Haitian migrants overwhelmed the border in recent weeks, with 15,000 camped out under the Del Rio Bridge in Del Rio, Texas, at one point. To those seeking refuge in the U.S., any hardships they’re facing are better than where they’re coming from.
“Right now I am very well because here they help us well,” a 27-year-old Haitian migrant told reporter Jorge Ventura in Ciudad Acuña, Mexico, a border town on the other side of the Del Rio Bridge. “Food, water. Here Mexican people are very good. God bless them.”
He spent four years in Chile before making the trip to the U.S.-Mexico border. Hundreds of Chilean IDs were found littered across the Mexican side of the border, abandoned by Haitians before they attempted to cross the Rio Grande, Ventura reported.

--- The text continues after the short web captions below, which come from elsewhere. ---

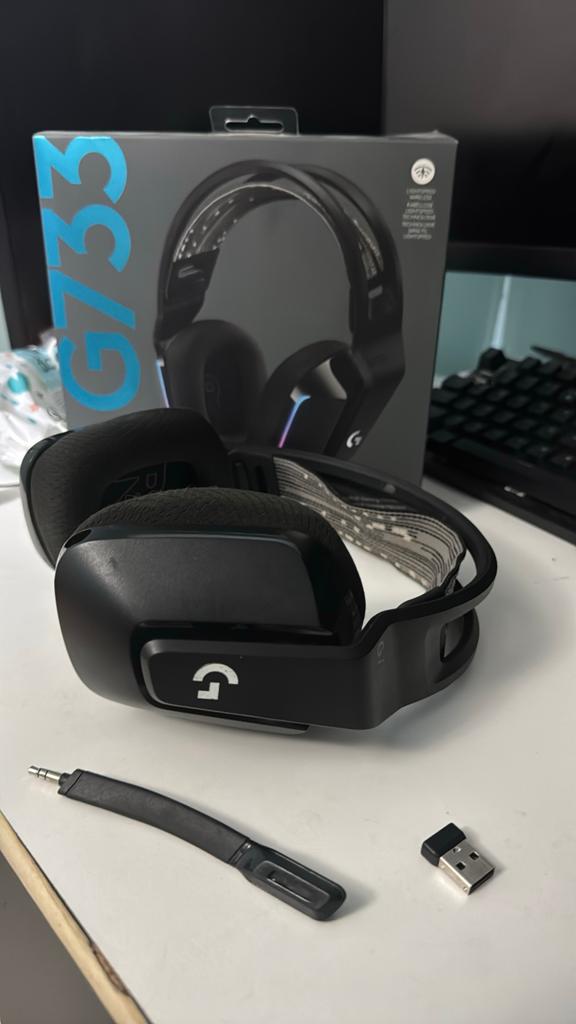 LOGITECH G733 LIGHTSPEED Draadloze RGB Gaming Headset  Zwart, Overige merken, Ophalen of Verzenden, Zo goed als nieuw, Over oor (circumaural)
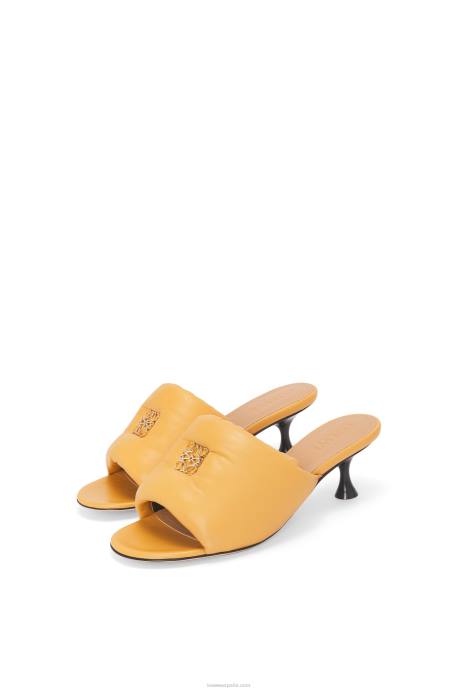 Loewe mujer Mules acolchados con anagrama de piel de cordero LP64753 desierto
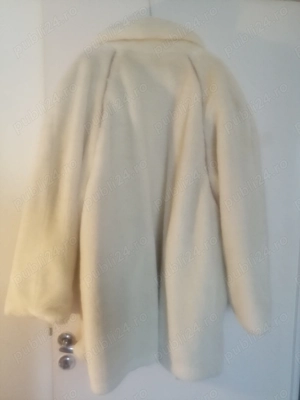 Haina dama blana artificiala,  200 lei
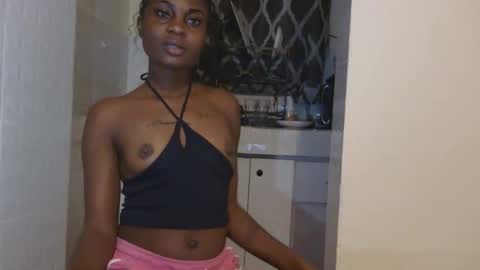 Snapshot of prettypety892182 chatting on September 9, 1:27 am prettypety892182 online show from September 9, 1:27 am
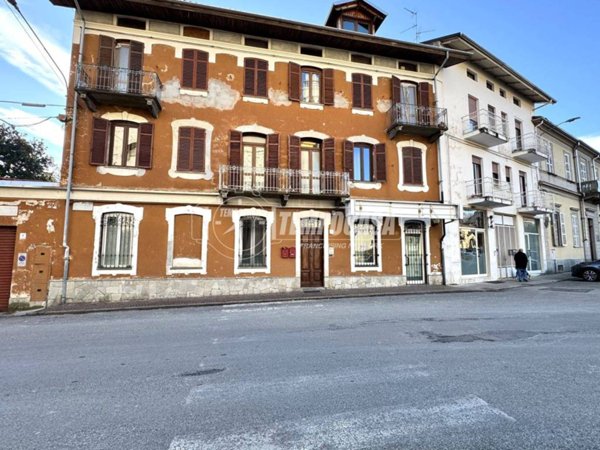 negozio in vendita a Biella in zona Chiavazza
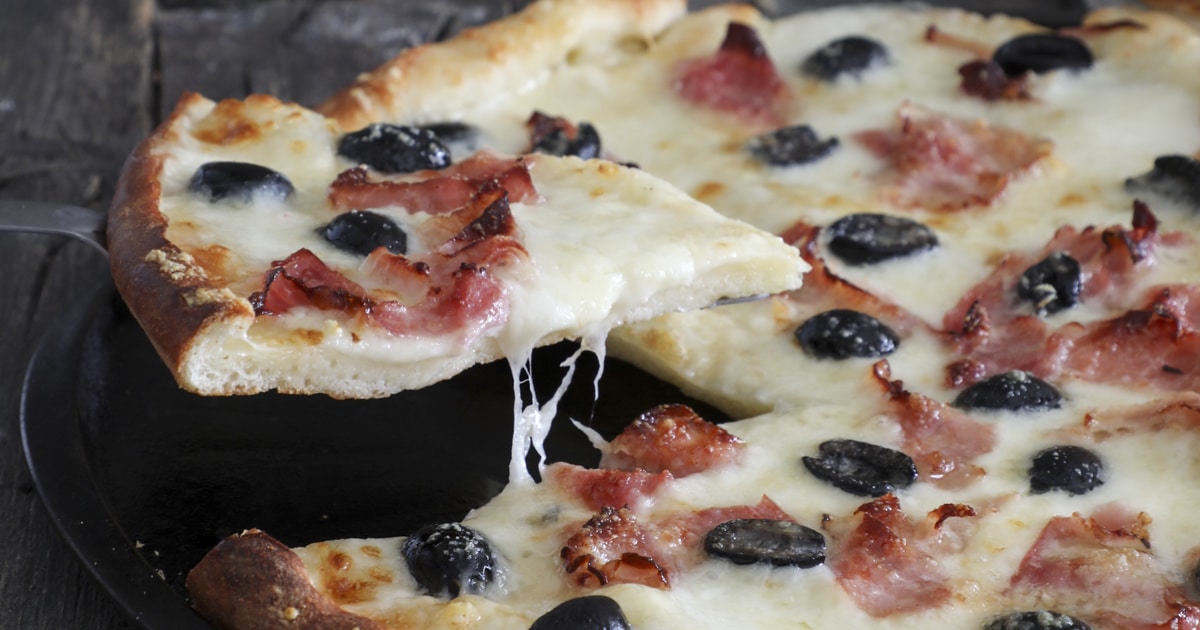 White Pizza Recipe/Pizza Bianca - An Italian in my Kitchen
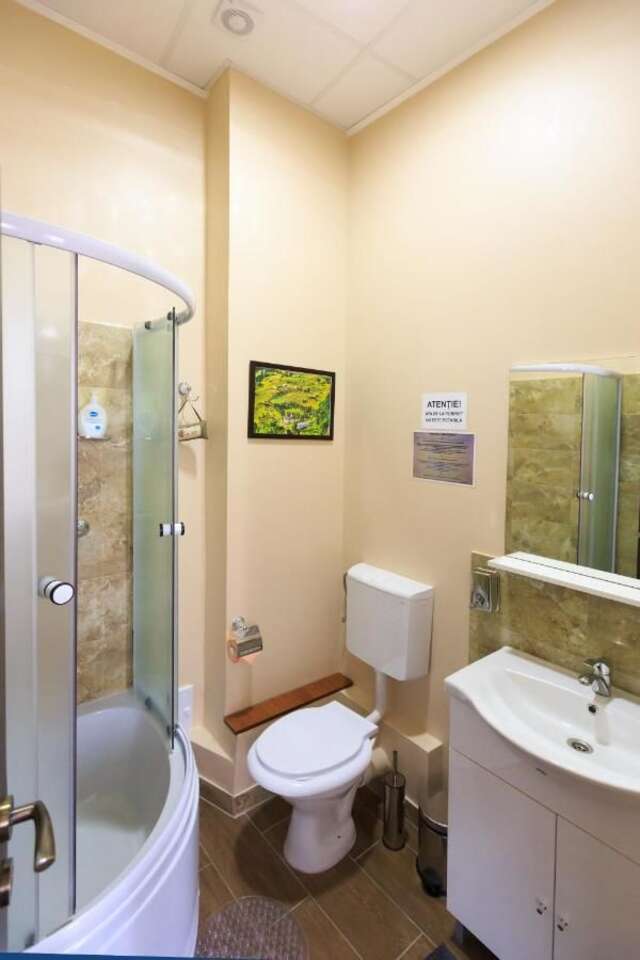 Отель Corner Center Rental Бузэу-21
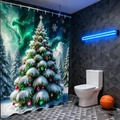 Detailansicht 3D-Weihnachtsduschvorhang mit Polarlichtern und Tannenbaum im Badezimmer - 90*180cm / Weihnachtsbaum Schnee A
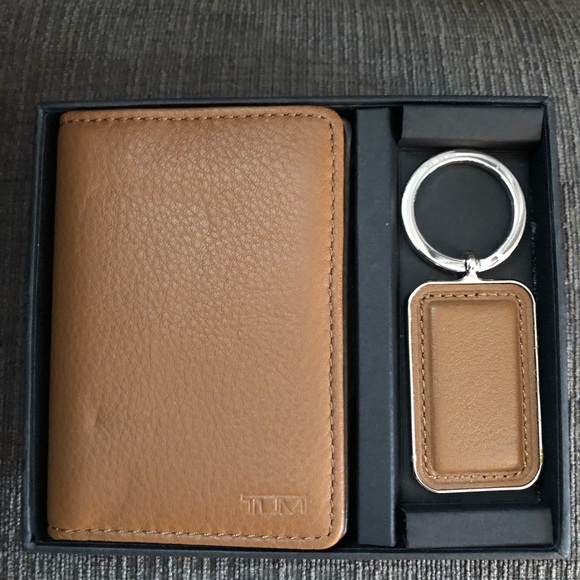 tumi keychain wallet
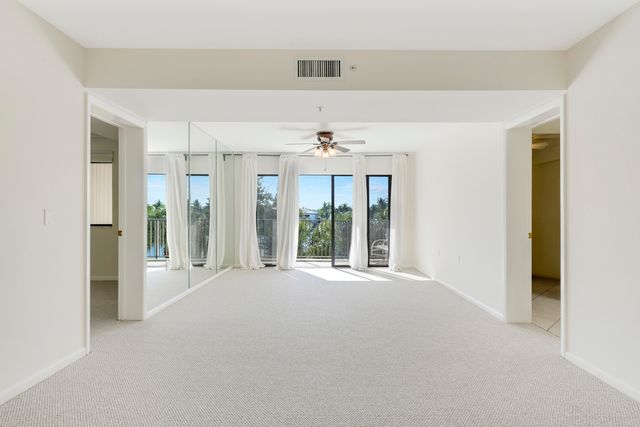 1001 Seafarer Circle 305, Jupiter, FL 33477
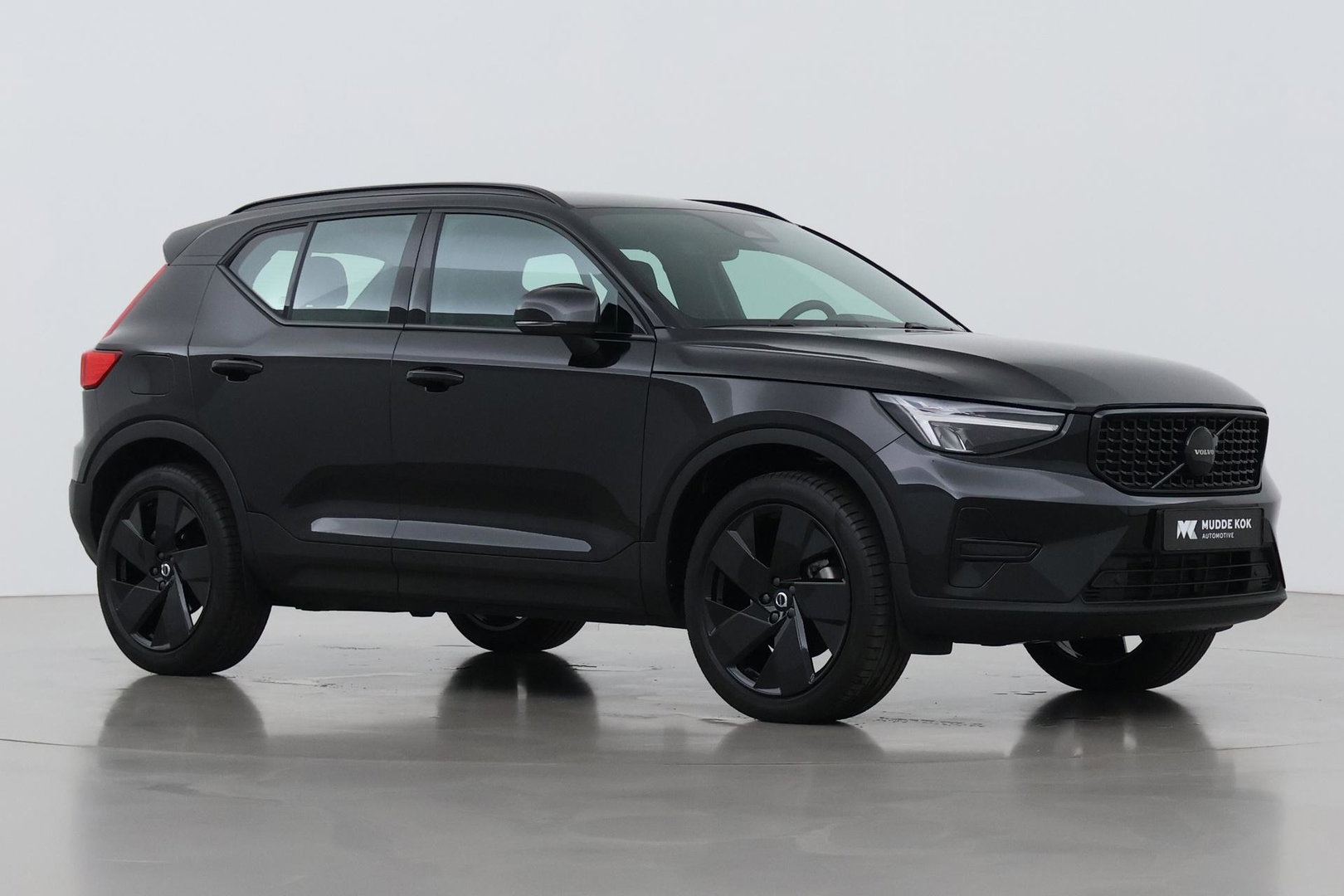 Volvo XC40 2.0 B3 Plus Black Edition | Harman/Kardon | Camera | Stoel+Stuurverwarming | Memory | Keyless | 20 Inch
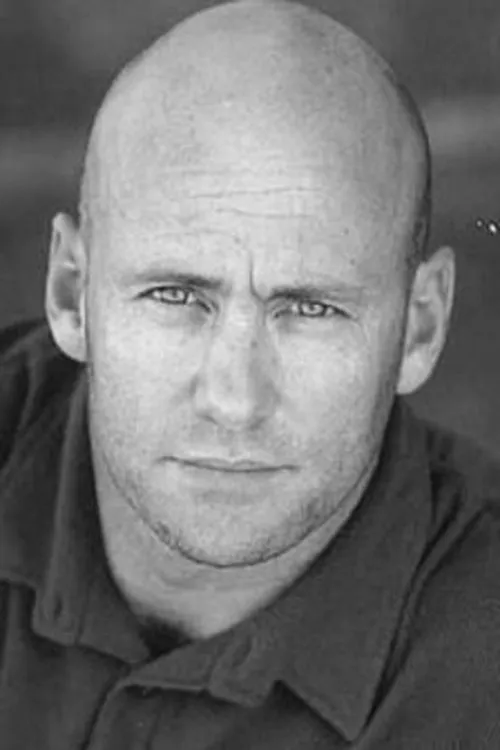 Robert Young como Mr. Laurence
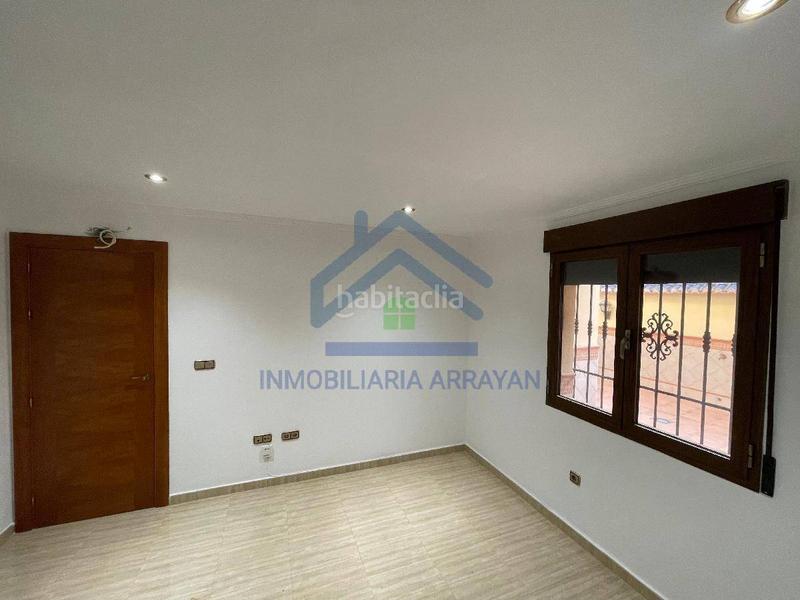 Foto 03fac6fa-53fb-4d4c-9842-5fe1ec81f8c1. Haus mit parking in Atarfe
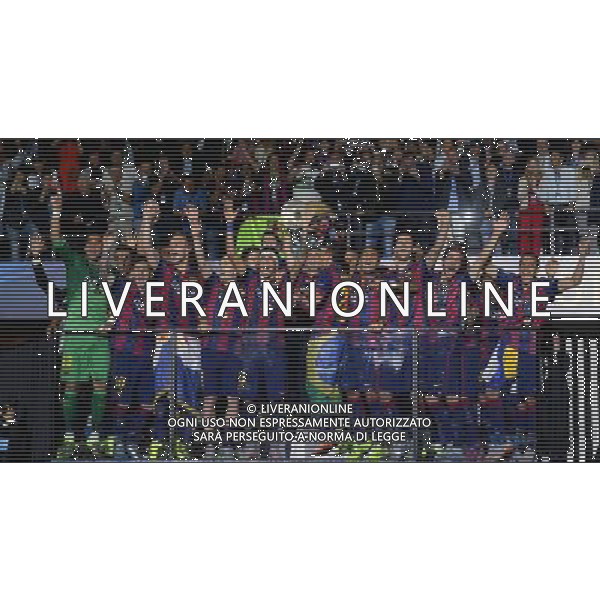 UEFA Champions League 2014/2015 Finale Berlino - 06.06.2015 Juventus-Barcellona Nella Foto: xavi alza la coppa /Ph.Vitez-Ag. Aldo Liverani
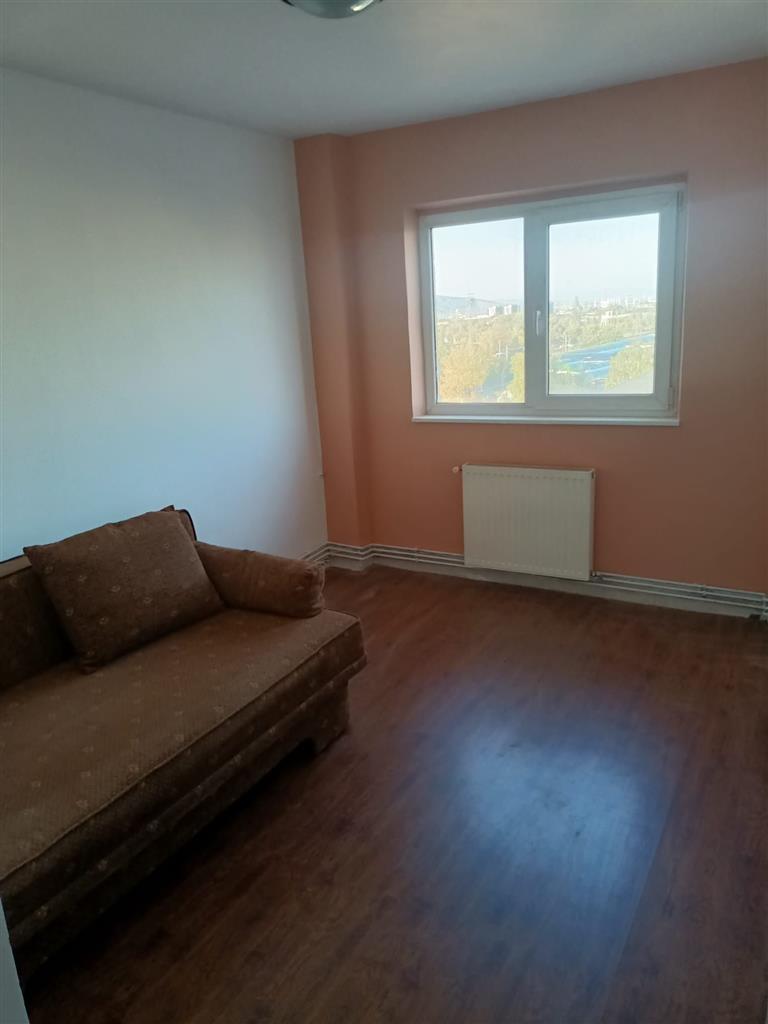 Apartament 4 camere etaj intermediar Craiter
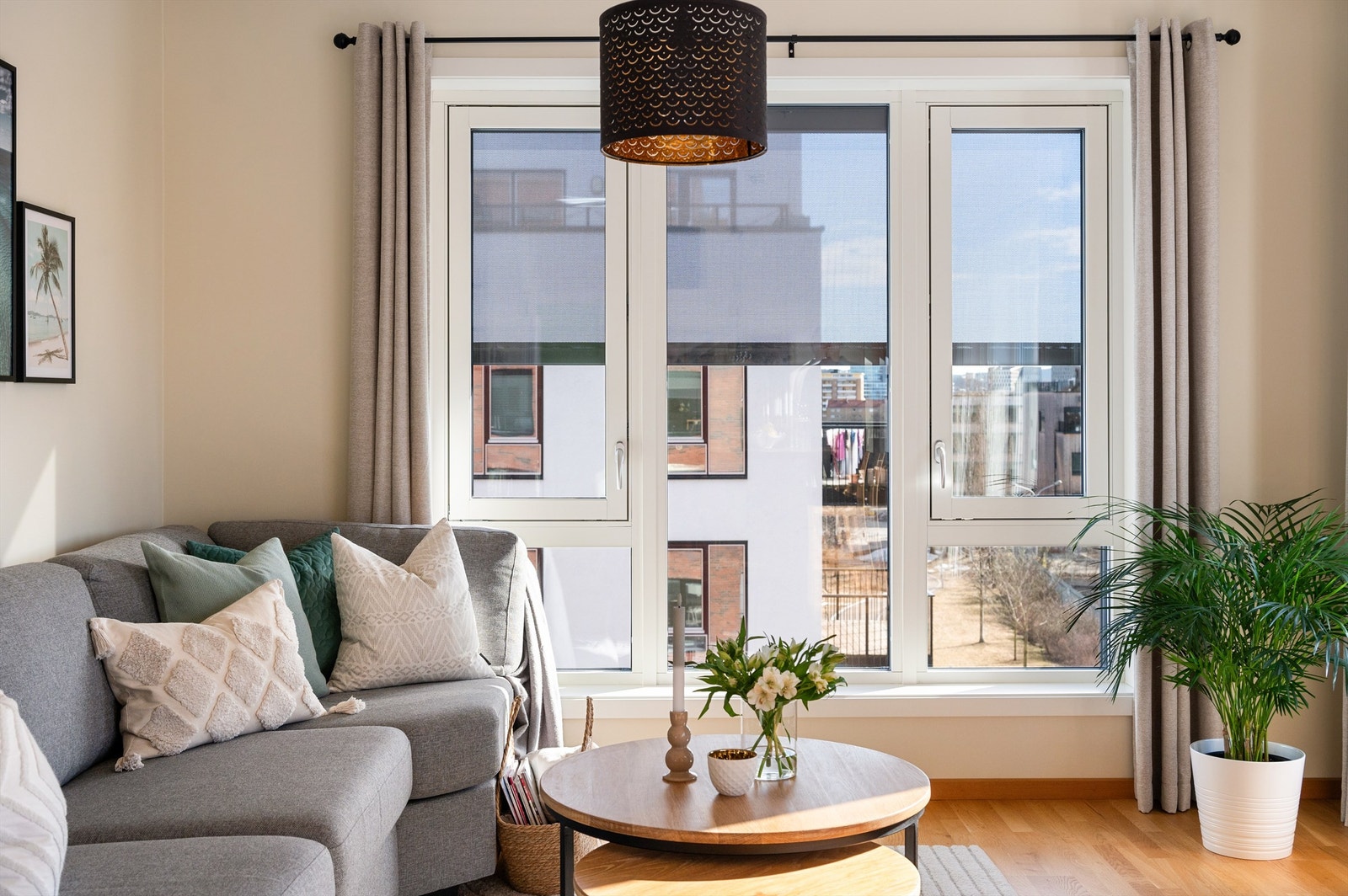 God plass til hyggelig sofagruppe med tilhørende salongbord og tv-seksjon. Galleribilde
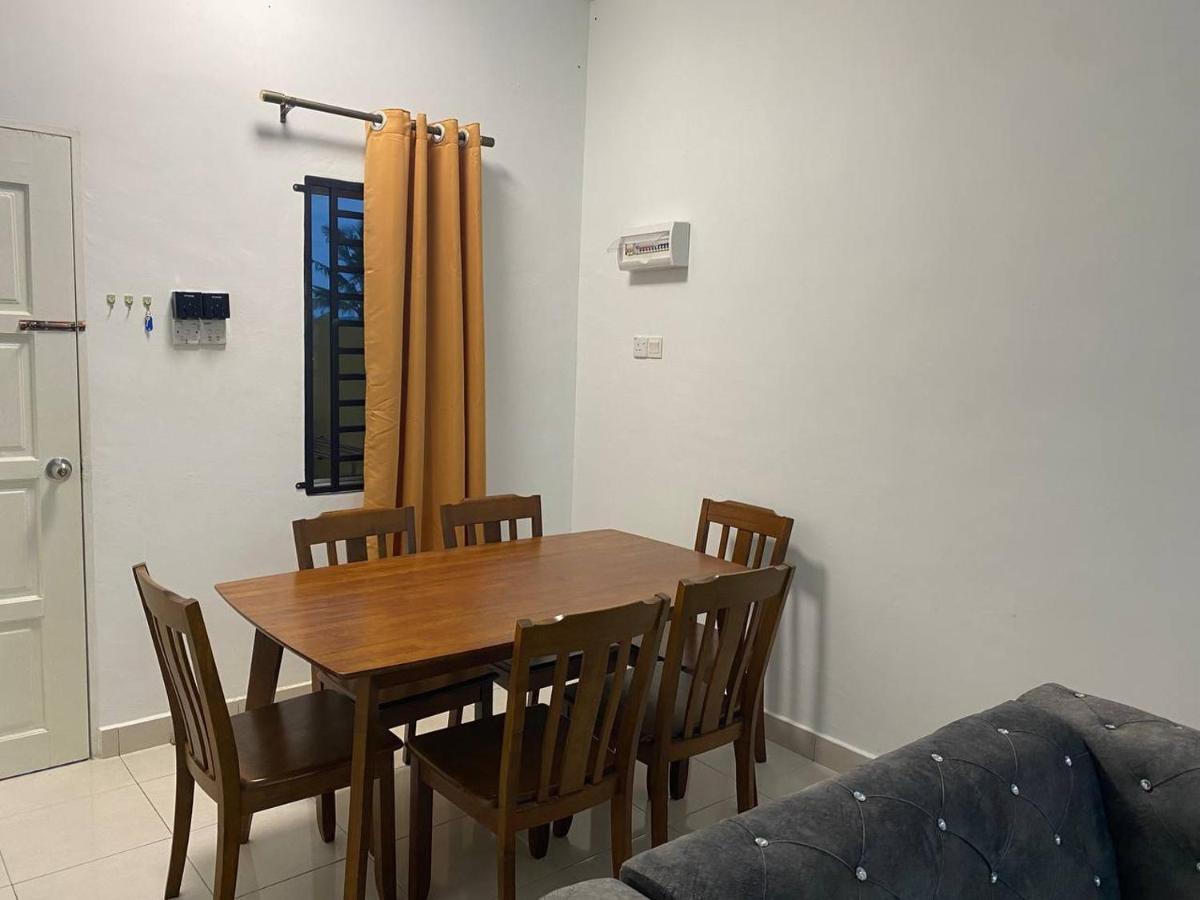 Anak Air Homestay, Serkam Islam Guest Only Holiday home *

Some who had traveled into the U.S. and found themselves back in Mexico said they preferred waiting in the latter. One Haitian in Acuña said he and his fellow migrants were “better here” than in Texas “because there was nothing and they would go through hunger and she [fellow migrant] would faint due to hunger.”
There was hardly any food when staying in Texas, with travelers getting only “two pieces of bread with salami and one water bottle,” a migrant said. “You can get clothes for the kids and the food comes to us. They attend to us well and all of that,” another described.
A migrant named Johnson said he had come from Brazil, crossing through several countries and traveling by sea at one point. He spent two months in Tapachula, along Mexico’s own southern border, then five days in Acuña, before finally making it to Del Rio Airport.
Many of the migrants came alone, hoping to reunite with family in the U.S. A number of minors left their parents behind in countries like Guatemala or Honduras, such as a 15-year-old boy in La Joya, Texas, who had a sister in Houston.
“I wanna study, move forward, and give the best to my mom … because poverty makes us come,” he said.
A 17 year old who sought to find his father after leaving his mother in Guatemala said he would like to have an education in the U.S. He used a map to navigate to the U.S. by himself.
“Our country is bad. It’s in crisis. We have no president. They killed our president. All that,” a female migrant told the DCNF. “The earthquake, the hurricane that happened. All of that affects us a lot. That’s why we’re like this. Searching for a better life for our families.”
Asked if she had a message for President Joe Biden, she said she wasn’t sure. “The only thing I ask is for him to help us out. We’re not here for pleasure. Nobody immigrates for pleasure,” she said.